Filistinli Müslümanlar, tüm dünyanın gözünün önünde İsrail tarafından katlediliyor. Filistin’de çocuklar ve siviller tüm dünya izlerken vahşice saldırılara maruz kalıyor. Yine tüm dünyanın seyrettiği görüntülerde İsrail, Filistinli çocukları öldürüyor. Uluslararası medya kuruluşlarının birçoğu ise bu vahşetin üzerini örten manşetler atmaktan geri durmuyor. Küresel siyasetin aktörleri, İsrail’in katliamlarına temkinli, iki yüzlü ve vahşetin üzerini örten açıklamalar yapmayı tercih ediyorlar.
15 Mayıs 1948 öncesinde başlayan, bu vahşi saldırılarla Filistinlileri yerlerinden etme girişimleri devam etmektedir. İşgalci İsrail, sistemli saldırılarını son dönemde diplomatik bir takım girişimlerle meşrulaştırma gayretlerini derinleştirmeye çalışmaktadır. Netanyahu’nun, Ariel Şeron olma hevesi ve hayalleri ile İsrail’in politikaları, tekrar katliamları artırmaya yönelmiştir. Trump’ın başkanlığı döneminde coğrafyada İsrail’in aktör olma ve meşruiyetini artırma girişimleri gerçekleştirilmiştir. Filistin’in adeta ortadan kaldırılma adımları atılmış ve bu anlamda Trump, ’İsrail’in egemenliğini resmen tanımanın vakti geldi’’ sözlerini dile getirmiştir. Bu açıklama ile kalmayıp Filistin topraklarını, İsrail’in başkenti olarak tanımış ve İsrail’in işgalini meşrulaştırma gayretini ortaya koymuştur.

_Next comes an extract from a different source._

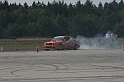 IMG_0616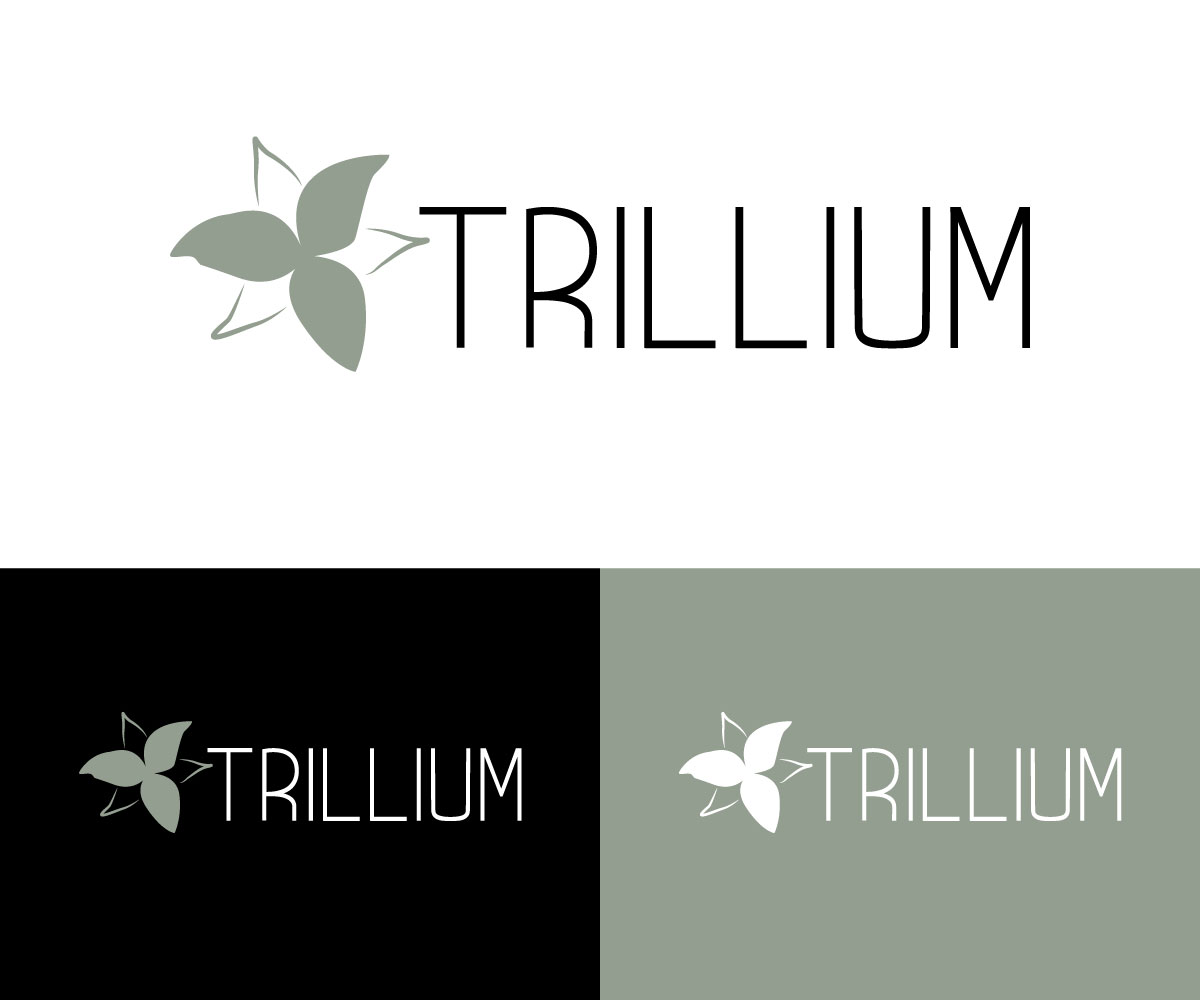 Logo Design by RaKu 2 for this project | Design #32354737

Özellikle Trump’ın politikaları, İsrail ile Arap dünyasının arasındaki ilişkilerde de yeni bir dönemin kapısını aralanmıştır. 10 Aralık 2019’da İsrail, Dubai’de Expo 2020’ye katılacağını açıklamıştır. Hemen arkasından 21 Aralık 2019’da ise Netenyahu Arap ülkeleri ile normalleşmenin başladığını ve bundan duyduğu memnuniyeti ifade eden bir açıklama yapmıştır. 3 Ocak 2020’de ise Sudan ile Netenyahu bir araya gelmiştir. 28 Ocak’ta Trump’ın tek taraflı Orta Doğu Barış Planı açıklamasına Birleşik Arap Emirlikleri, Bahreyn ve Umman’ın elçilerinin katılması bölgede İsrail’in yeni konumuyla ilgili ipuçlarını vermektedir. Arkasından gelen Fas ile İHA anlaşması ve İsrail’in Arap-İsrail Zirvesi düzenleme girişimleri ile aslında Orta Doğu siyasetinde ‘’barış’’ başlıklı ‘’işgalin meşrulaştırılma’’ adımları atılmıştır.
İsrail’in bölgedeki yeni politikalarının devamı olarak görülebilecek son saldırıları ile Filistin davasını kökten ortadan kaldırma hedefini taşıdığını görüyoruz. Kutsal bir mabet yanarken sevinç gösterilerinin dünyaya servis edilmesi de bu anlamda bir tesadüf değildir. Aynı şekilde uluslararası basının küresel bir algı operasyonu yapmasının bir tesadüf olamayacağı gibi.
Reuters, New York Times, BBC, DW, silinen New York Post manşetlerine yer vererek oluşturulmaya çalışılan algının gösterilmesi gerekmektedir. Reuters; ‘’Filistinliler, İsrailli vatandaşın arabasını taşladı.’’ , New York Times; ‘’ Gazelli militanlar Kudüs’e roket fırlatıyor.’’ , DW; ‘’Filistinli çocuklar çatışmada hayatını kaybettiler.’’ Şeklinde manşetler attılar. Bu manşetlerde fail gizlendi, katliamların meşru zemini oluşturulmak üzere Filistinlilere suç tayin edildi ve medya katliamlara gözlerini kapatmaktan bile daha kötüsünü yaparak şiddetin üzerini örtmeyi tercih etti.
Gelinen son nokta ise İsrail’in son saldırılarına karşı Filistinlilerin direnişinin yeni bir aşamaya geldiği söylenebilir. Özellikle Demir Kubbe adı verilen İsrail’in savunma sisteminin adeta ‘’delik kubbeye’’ dönüştüğü iddiaları bu saldırılardan İsrail’in istediğini alamayacağını düşündürmektedir. Demir kubbe adı verilen sistemin açığı ve zafiyeti tespit edilerek İsrail tarafına ulaştırılan roketlerin bu anlamda Mısır, AB ve ABD’nin devreye girmesini sağladığını söyleyebiliriz.
‘’Büyük ordular dönemi kapanmış, çevik ordular dönemi başlamıştır’’ sözlerini ispatlar nitelikteki bu tablo oldukça önemlidir. 2014 yılında bu sisteme Türk hacker saldırılarının da sistemi çökerttiği haberleri paylaşılmıştı. Tam da bu noktada kınamaktan öteye geçmek için yatırım yapılması gereken alanların çok net gözüktüğünü de dile getirmeliyiz.
Son açıklamalara göre şehit olan 43 Filistinliye Allah’tan rahmet dilerim.